By the binomial theorem:

#(a+b)^n = sum_(k=0)^n ((n),(k)) a^(n-k) b^k#

where #((n),(k)) = (n!)/((n-k)! k!)#

Putting #a=x#, #b=1# and #n=20# we get:

#(x+1)^20 = sum_(k=0)^20 ((20),(k)) x^(20-k)#

#color(white)((x+1)^20) = ((20),(0)) x^20 + ((20),(1)) x^19 + ... + ((20),(20))#

If you just want a single term from this expansion, then it is probably easiest to calculate directly.
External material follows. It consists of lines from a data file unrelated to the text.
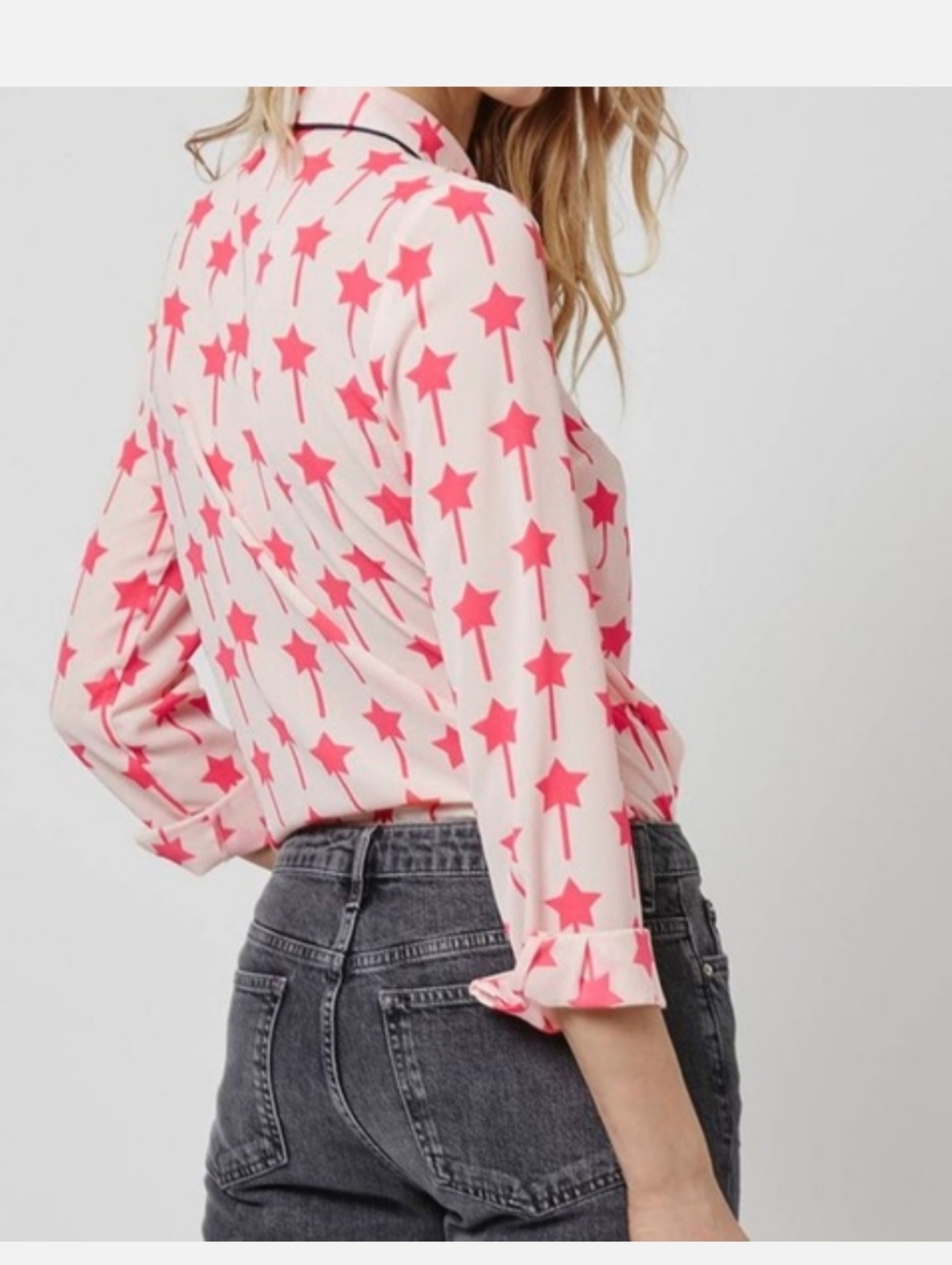 Topshop Cream Blouse Womens 4 Coral Star Print Black Trim Button Down - Picture 4 of 8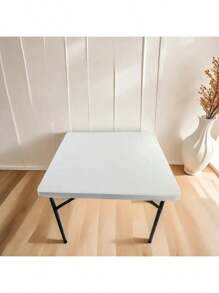 Square Black Elastic Polyester Tablecloth, Stretchy Square Table Cover Suitable For Weddings, Bridal Showers, Birthdays And General Events, Perfect For Picnics, Camping, Outdoor Cafes, Traveling, BBQs And Parties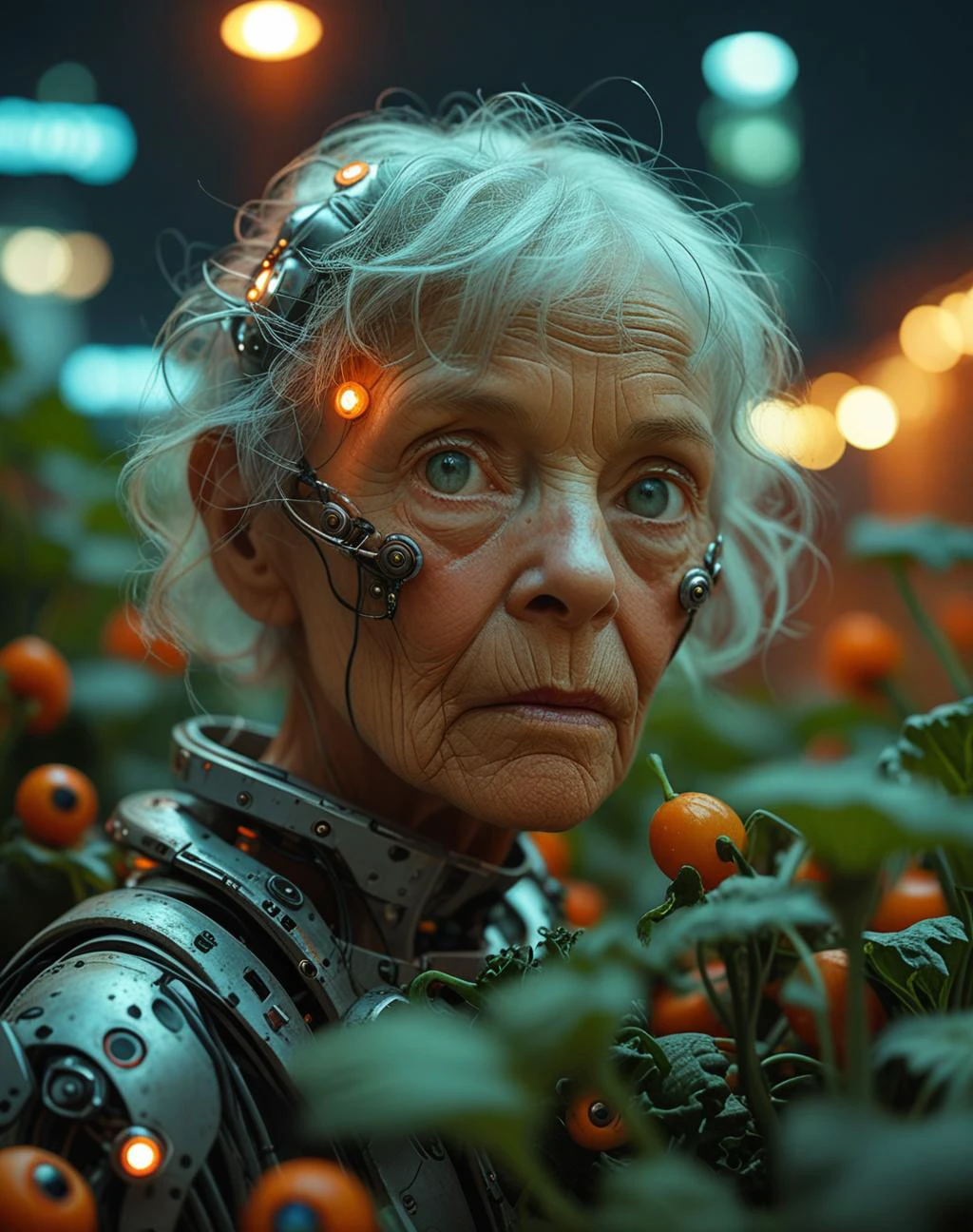 Portrait oF an elderly cyborg woman, her Face a beautiFul blend oF human and machine, her metal eyeballs glow soFtly in the night, she is gardening in a rooFtop oasis amidst a dystopian cityscape, towering vegetables growing eFFiciently, 和 (soFt Focus:1.2), (F_站 4.0), (Focal_长度50mm), showcasing a serene moment oF nature and technology coexisting, captured 和 (佳能 EOS R5), 强调希望和连续性 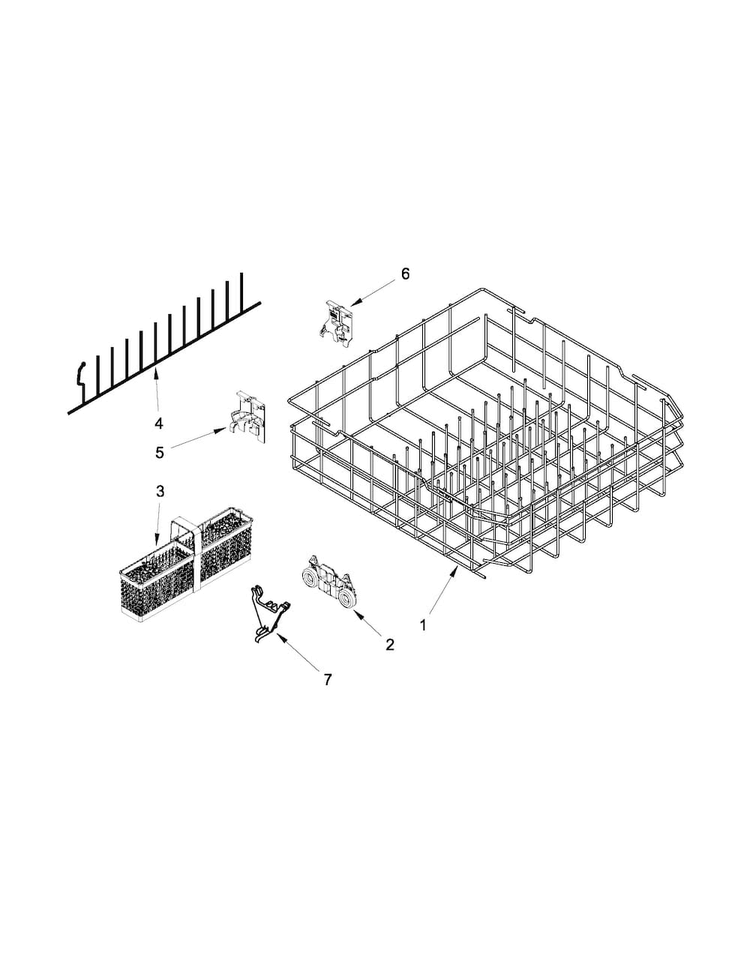 Lower Rack Parts Diagram and Parts List for KUDS30FXWHA  KitchenAid Dishwasher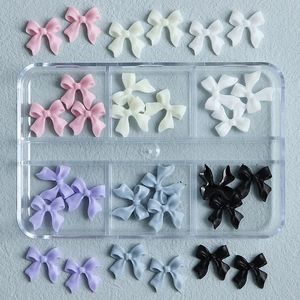 Nagelkonstdekorationer 30 White Ribbon Harts Bow Nail Charm Parts 3D Rhinestone Nail Art Decoration Tillbehör Tillbehör för DIY Korean Manicure Design 231207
For example, the fourth term is:

#((20),(3)) x^17 = (20!)/(17! 3!) x^17 = (20xx19xx18)/(3xx2xx1) x^17 = 1140 x^17#

If you want to write out every term, then it may be easier to write out Pascal's triangle as far as the #21#st row - hoping that you make no errors on the way. The #21#st row starts #1, 20, 190, 1140,...# consisting of the values:

#((20),(0)), ((20),(1)),...,((20),(20))#

conveniently providing all the coefficients you want.